[[ EXERCISE MATERIALS, beginning ]]

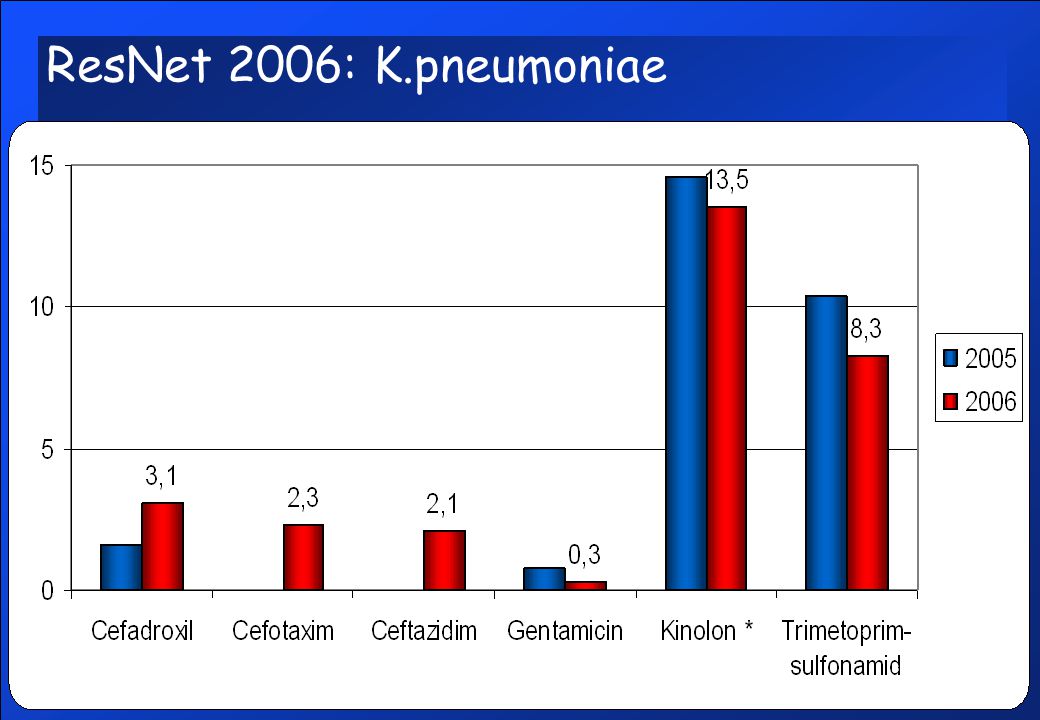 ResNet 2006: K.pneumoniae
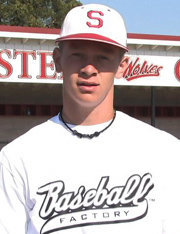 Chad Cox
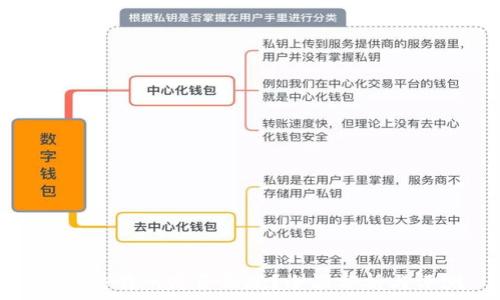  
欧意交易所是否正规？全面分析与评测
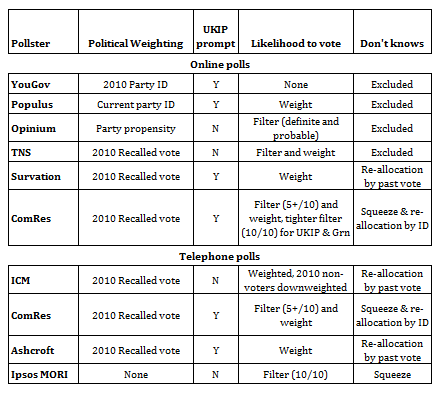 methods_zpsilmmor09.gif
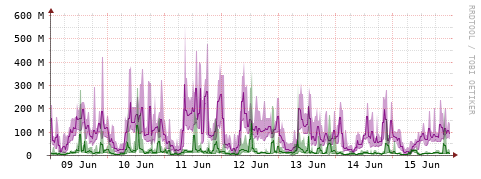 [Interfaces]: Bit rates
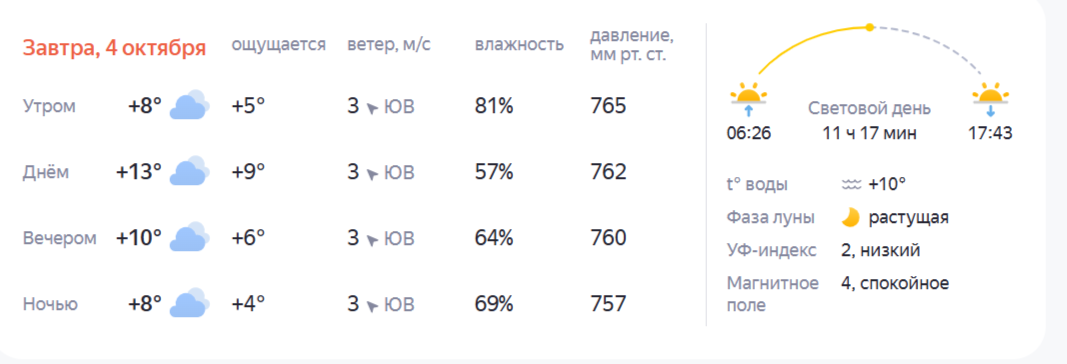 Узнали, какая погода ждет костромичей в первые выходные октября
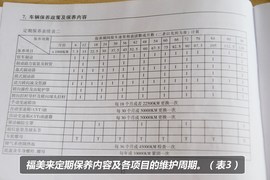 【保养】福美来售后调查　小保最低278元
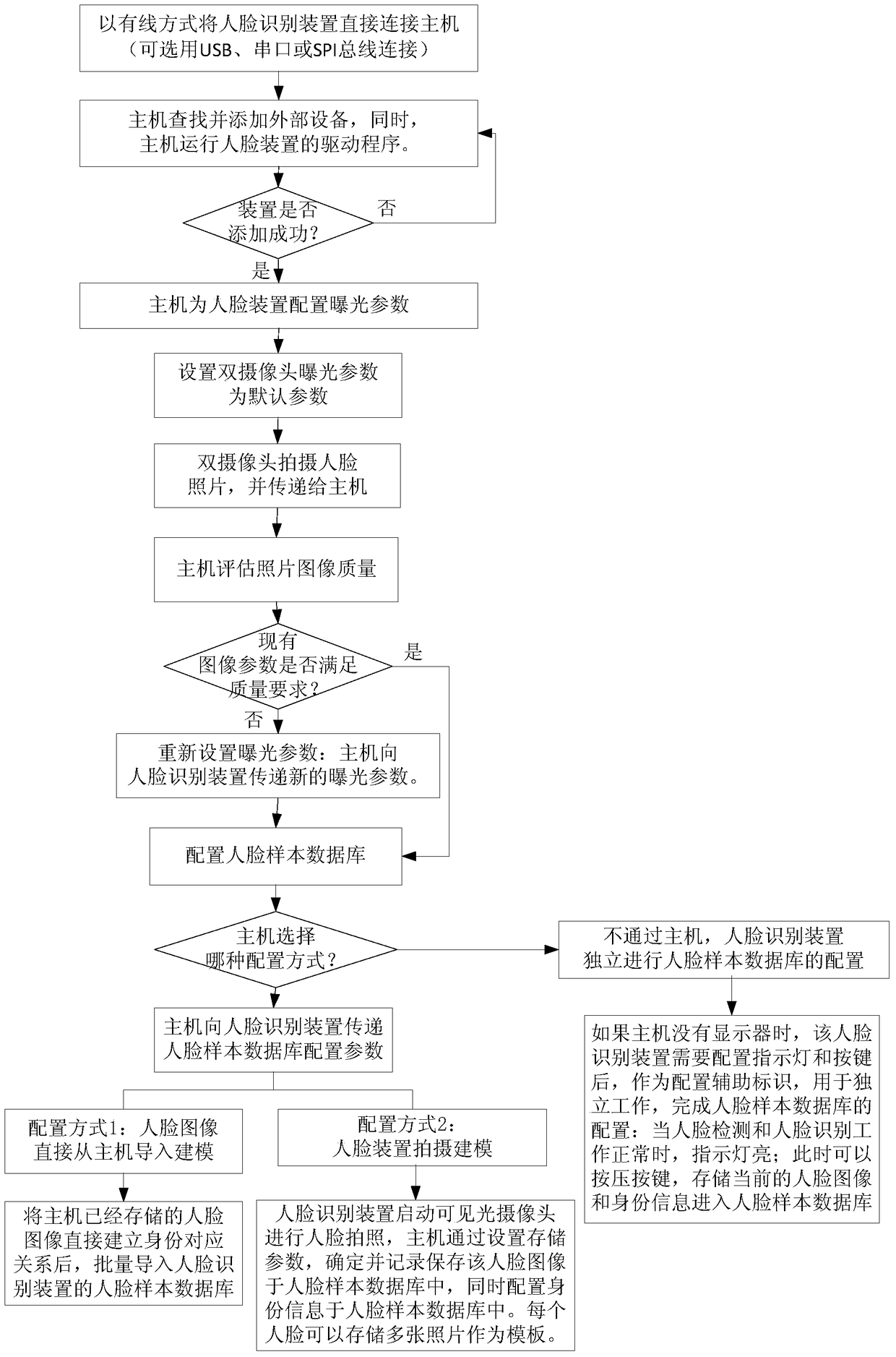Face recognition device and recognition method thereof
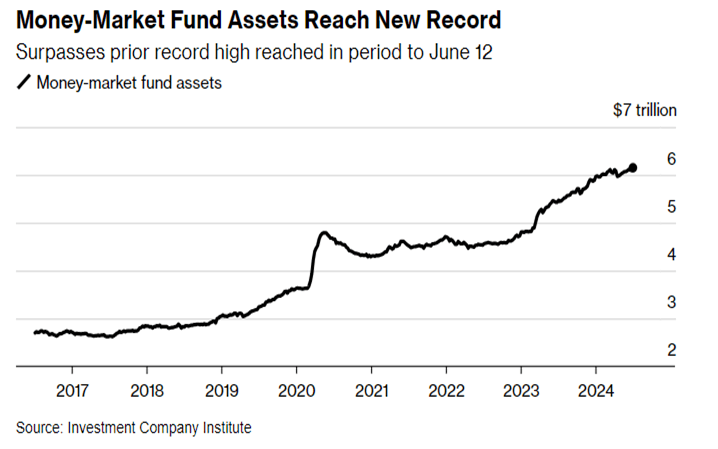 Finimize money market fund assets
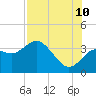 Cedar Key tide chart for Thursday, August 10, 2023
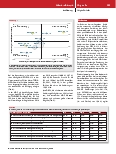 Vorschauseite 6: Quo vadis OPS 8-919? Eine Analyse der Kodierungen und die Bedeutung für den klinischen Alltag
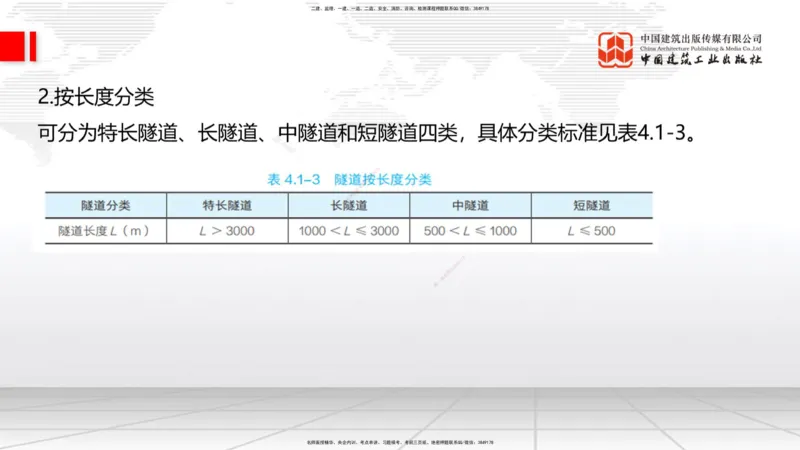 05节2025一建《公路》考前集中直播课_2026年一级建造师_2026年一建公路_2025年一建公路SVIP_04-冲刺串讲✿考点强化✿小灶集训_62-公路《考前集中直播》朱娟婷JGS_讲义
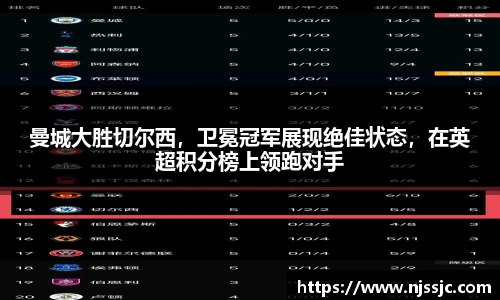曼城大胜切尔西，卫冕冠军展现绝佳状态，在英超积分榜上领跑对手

[[ EXERCISE MATERIALS, end ]]

## WHAT YOU ARE ASKED TO DO
Above, find the line holding "Узнали, какая погода" and the line holding "Cedar Key tide". Print exactly those two lines and every line between them, but no pictures.

## EXPECTED ANSWER
 Узнали, какая погода ждет костромичей в первые выходные октября
 【保养】福美来售后调查　小保最低278元
Face recognition device and recognition method thereof
 Finimize money market fund assets
 Cedar Key tide chart for Thursday, August 10, 2023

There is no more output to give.